The Relationship Between Pregnancy Prevention and STI/HIV Prevention and Sexual Risk Behavior Among American Indian Men
Elizabeth Rink, Kristofer FourStar, Michael P Anastario
Journal of Rural Health: Official Journal of the American Rural Health Association and the National Rural Health Care Association
OBJECTIVE: We examined the relationship between American Indian men's attitudes toward pregnancy prevention, STI/HIV prevention, and sexual risk behavior. Attention was given to: (1) attitudes and intentions to use condoms and sexual risk behavior; (2) STI/HIV prevention characteristics and sexual risk behavior; (3) attitudes toward abstinence and monogamy and sexual risk behavior; and (4) decision-making in relationships and sexual risk behavior. STUDY DESIGN: Our sample included 120 heterosexual American Indian men aged 18 to 24 living on a reservation. Data were collected during in-depth interviews. A community-based participatory research framework was used to ensure the relevancy and acceptability of the study given the sensitivity of the topic. PRINCIPAL FINDINGS: Results demonstrated that attitudinal factors were associated with sexual risk behavior, particularly inconsistent condom use. Attitudes associated with consistent condom use suggested greater levels of positive dispositions toward prevention and intention to use condoms. Consistent condom use was associated with more cautious attitudes toward sex with multiple sex partners.
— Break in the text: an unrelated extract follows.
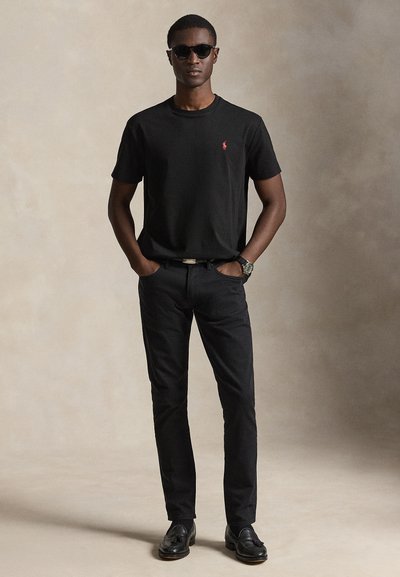 Άνδρας φοράει μαύρα γυαλιά ηλίου, μαύρο μπλουζάκι με κόκκινο λογότυπο, μαύρο παντελόνι, μαύρη ζώνη, μαύρα μοκασίνια με φούντες και ρολόι χειρός, στέκεται με τα χέρια στις τσέπες.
Study results suggested that American Indian men who reported sex with multiple partners exhibited a set of attitudes and beliefs toward pregnancy prevention and STI/HIV prevention that corresponded with a disposition resulting from their behaviors, in that engaging in sexual risk behavior elevated their levels of risk perception. CONCLUSIONS: Our findings suggest that heterosexual American Indian men living in rural environments need sexual and reproductive health programs and clinical services that address differing attitudes toward condom use within the context of multiple sex partners and sexual risk behavior.